§ Instructions to follow: Retype all data exactly as given. Pictures should not be retyped.
----------
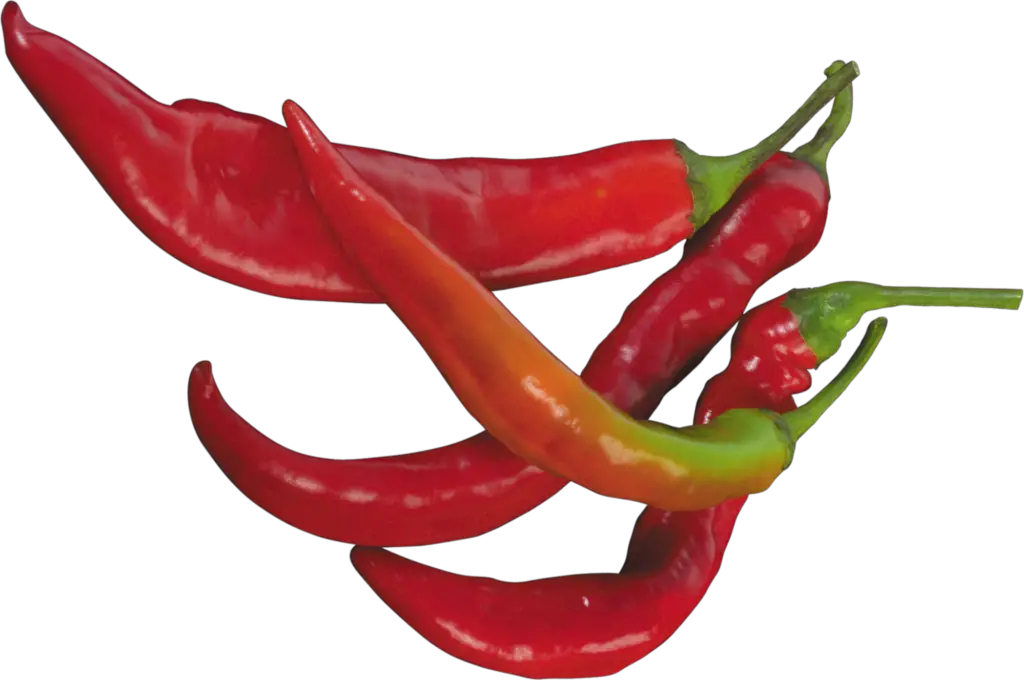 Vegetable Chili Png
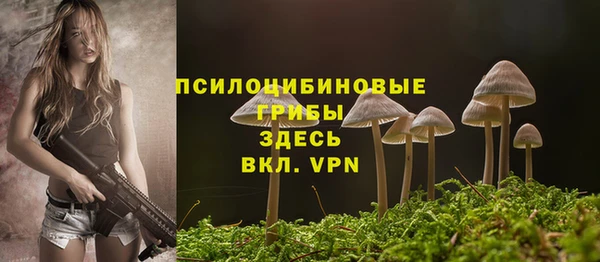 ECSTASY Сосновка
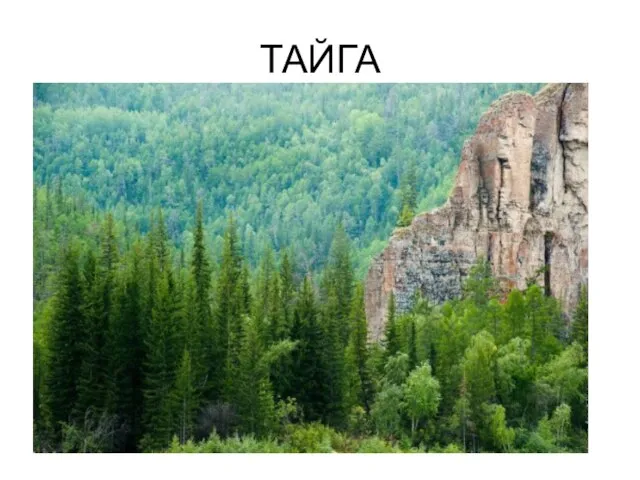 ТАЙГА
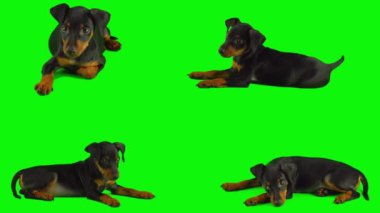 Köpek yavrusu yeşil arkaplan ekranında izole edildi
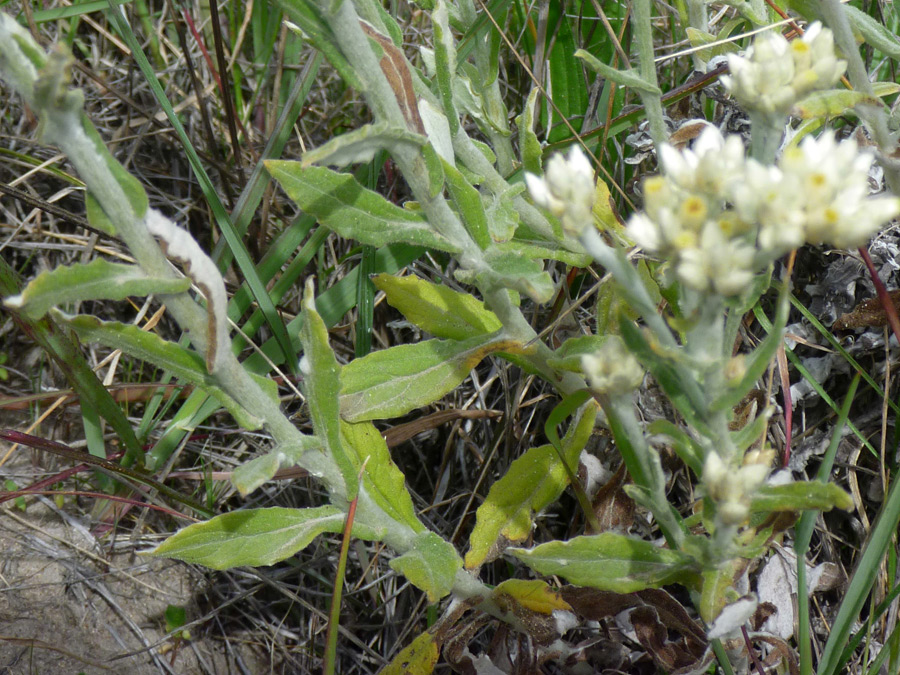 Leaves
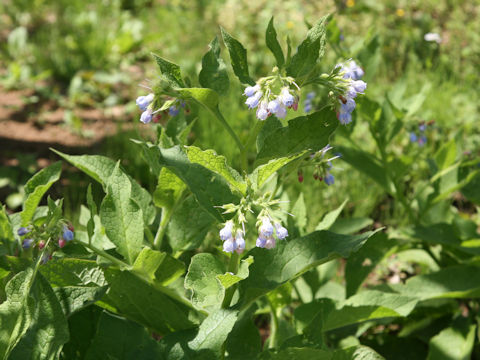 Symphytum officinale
----------
§ Task output:
 Vegetable Chili Png
 ECSTASY Сосновка
 ТАЙГА
 Köpek yavrusu yeşil arkaplan ekranında izole edildi
 Leaves
 Symphytum officinale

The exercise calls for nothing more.